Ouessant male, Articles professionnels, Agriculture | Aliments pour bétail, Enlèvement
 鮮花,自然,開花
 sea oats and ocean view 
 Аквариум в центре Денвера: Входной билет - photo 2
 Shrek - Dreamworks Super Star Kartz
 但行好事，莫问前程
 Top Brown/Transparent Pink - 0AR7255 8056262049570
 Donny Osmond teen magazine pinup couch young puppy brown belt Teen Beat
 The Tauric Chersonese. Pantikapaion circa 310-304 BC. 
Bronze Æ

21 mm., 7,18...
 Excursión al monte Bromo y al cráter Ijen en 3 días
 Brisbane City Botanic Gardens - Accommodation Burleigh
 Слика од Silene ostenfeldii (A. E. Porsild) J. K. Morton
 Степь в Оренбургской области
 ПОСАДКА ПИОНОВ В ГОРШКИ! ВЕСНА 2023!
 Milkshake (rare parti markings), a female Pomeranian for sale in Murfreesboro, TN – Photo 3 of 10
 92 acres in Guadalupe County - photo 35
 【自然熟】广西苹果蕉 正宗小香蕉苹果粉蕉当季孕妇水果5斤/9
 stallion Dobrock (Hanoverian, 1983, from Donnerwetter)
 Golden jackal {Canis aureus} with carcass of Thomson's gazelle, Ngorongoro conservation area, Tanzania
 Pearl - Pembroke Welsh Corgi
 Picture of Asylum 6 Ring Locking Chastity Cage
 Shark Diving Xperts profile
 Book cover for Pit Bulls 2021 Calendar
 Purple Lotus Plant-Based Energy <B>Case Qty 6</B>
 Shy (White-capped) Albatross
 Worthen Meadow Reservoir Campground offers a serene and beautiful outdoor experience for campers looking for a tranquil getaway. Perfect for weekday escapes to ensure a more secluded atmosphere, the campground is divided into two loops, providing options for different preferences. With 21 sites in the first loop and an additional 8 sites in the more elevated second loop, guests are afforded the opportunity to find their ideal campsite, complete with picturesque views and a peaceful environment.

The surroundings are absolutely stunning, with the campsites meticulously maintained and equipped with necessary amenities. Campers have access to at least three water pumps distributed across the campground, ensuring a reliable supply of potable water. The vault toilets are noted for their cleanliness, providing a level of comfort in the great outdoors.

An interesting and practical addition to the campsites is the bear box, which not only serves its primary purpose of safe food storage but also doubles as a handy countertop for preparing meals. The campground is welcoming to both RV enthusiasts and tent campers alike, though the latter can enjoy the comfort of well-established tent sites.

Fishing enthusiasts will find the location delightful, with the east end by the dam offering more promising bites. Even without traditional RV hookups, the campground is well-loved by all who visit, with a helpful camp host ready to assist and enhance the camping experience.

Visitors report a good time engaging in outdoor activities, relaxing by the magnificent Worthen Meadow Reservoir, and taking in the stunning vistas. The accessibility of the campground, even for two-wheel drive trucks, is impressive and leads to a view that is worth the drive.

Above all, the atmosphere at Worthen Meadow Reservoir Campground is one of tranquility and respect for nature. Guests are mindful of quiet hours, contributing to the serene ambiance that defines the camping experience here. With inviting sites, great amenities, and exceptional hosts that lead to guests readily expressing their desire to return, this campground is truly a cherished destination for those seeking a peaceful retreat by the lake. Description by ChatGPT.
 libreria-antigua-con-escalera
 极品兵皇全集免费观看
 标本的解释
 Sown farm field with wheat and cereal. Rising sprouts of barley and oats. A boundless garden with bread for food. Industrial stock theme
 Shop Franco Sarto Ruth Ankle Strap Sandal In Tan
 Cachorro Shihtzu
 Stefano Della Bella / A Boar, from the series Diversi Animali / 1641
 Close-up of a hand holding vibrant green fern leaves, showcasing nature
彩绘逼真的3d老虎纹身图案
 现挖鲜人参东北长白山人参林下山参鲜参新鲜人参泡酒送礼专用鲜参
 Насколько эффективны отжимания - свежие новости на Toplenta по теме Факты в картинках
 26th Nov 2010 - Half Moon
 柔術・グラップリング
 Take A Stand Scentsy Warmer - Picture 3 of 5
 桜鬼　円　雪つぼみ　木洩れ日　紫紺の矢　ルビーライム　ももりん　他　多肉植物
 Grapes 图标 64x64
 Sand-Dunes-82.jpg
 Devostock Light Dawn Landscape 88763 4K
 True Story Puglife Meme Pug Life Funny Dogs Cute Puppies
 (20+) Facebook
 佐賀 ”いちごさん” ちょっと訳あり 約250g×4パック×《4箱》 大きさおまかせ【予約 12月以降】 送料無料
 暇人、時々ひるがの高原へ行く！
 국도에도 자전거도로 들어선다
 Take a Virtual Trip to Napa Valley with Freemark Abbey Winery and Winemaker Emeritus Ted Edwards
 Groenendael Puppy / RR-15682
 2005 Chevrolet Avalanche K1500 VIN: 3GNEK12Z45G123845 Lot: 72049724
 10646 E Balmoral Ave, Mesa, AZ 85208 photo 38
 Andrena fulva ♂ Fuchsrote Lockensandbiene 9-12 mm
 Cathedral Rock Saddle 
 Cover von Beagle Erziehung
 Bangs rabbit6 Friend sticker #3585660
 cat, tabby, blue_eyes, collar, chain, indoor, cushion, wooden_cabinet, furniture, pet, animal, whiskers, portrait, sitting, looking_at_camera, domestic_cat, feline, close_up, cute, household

○ ○ ○ ○

§ **ACTIVITY**
Locate and copy each line in the data above that includes the word "oats".

§ **EXERCISE RESPONSE**
 sea oats and ocean view 
 Sown farm field with wheat and cereal. Rising sprouts of barley and oats. A boundless garden with bread for food. Industrial stock theme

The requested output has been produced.